Foto: ONU/Staton Winter

Leda Letra, da Rádio ONU em Nova York. 

O relator especial das Nações Unidas sobre execuções extrajudiciais fez um novo apelo às autoridades da Indonésia, para que suspendam execuções agendadas para fevereiro. Christof Heyns está pedindo especificamente que pessoas condenadas por crimes de drogas não sejam enviadas ao corredor da morte.

Pelo menos oito traficantes condenados à pena de morte podem ser executados ainda este mês, incluindo o brasileiro Rodrigo Gularte.
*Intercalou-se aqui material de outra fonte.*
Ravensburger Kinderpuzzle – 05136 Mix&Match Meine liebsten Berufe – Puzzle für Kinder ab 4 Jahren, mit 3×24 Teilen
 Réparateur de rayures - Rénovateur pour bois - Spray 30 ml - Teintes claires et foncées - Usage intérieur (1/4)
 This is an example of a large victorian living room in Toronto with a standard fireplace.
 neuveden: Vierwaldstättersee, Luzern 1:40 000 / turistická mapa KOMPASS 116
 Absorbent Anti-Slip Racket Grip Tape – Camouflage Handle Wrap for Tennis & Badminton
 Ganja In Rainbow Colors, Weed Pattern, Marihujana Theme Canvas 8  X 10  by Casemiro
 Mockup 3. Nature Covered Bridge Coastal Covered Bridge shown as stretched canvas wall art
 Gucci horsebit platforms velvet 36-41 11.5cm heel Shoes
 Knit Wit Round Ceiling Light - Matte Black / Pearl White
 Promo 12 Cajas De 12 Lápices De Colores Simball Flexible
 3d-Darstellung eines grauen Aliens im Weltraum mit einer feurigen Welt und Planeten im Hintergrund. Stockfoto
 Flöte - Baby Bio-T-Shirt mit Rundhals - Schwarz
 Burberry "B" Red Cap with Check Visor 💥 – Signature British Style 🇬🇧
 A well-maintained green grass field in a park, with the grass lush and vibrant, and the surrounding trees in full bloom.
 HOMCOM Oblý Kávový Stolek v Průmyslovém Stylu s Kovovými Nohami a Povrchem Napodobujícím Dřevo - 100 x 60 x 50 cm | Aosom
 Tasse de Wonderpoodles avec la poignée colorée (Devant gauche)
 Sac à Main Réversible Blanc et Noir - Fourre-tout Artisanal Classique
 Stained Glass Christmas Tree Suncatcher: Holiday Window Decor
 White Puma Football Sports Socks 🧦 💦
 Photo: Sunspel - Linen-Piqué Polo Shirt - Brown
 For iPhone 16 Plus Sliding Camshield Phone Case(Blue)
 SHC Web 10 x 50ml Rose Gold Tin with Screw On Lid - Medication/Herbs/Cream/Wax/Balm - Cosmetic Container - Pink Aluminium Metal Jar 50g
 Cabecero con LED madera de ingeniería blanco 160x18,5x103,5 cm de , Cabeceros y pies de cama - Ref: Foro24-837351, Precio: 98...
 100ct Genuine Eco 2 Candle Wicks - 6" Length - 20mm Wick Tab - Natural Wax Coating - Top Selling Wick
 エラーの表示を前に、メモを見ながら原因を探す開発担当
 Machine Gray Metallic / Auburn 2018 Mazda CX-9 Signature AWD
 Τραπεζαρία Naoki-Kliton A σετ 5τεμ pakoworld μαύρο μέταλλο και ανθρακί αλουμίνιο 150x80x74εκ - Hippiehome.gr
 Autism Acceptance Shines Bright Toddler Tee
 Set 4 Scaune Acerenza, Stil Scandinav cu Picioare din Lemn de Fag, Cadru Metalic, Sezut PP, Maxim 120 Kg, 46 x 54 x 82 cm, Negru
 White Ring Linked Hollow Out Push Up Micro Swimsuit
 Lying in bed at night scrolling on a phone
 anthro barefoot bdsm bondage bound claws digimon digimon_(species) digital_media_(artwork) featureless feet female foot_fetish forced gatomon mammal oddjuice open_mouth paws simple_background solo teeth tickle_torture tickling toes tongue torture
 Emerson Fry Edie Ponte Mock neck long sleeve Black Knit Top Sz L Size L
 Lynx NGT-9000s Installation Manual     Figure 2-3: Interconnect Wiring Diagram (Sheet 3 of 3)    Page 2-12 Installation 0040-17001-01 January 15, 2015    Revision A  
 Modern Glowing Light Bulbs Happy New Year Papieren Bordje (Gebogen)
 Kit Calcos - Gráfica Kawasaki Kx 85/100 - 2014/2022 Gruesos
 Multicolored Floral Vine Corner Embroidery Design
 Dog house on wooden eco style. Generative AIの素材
Segundo agências de notícias, em 2005, ele entrou no país com seis quilos de cocaína escondidos numa prancha de surfe.

Justiça

Heyns lembrou que pela lei internacional, a pena de morte é considerada uma forma de punição extrema e por isso, só deve ser imposta em casos de crimes muito sérios, como assassinatos, isso se houver um julgamento justo.

Apesar de vários apelos de especialistas da ONU em direitos humanos e de entidades da sociedade civil, o governo da Indonésia continua impondo a pena de morte para crimes relacionados às drogas.

Em janeiro, seis pessoas foram executadas, incluindo outro brasileiro, Marco Archer. Na avaliação do relator Christof Heyns, muitos dos acusados eram estrangeiros e não tiveram julgamentos justos, sem serviço de tradução adequada ou direito à defesa em todos os estágios do processo.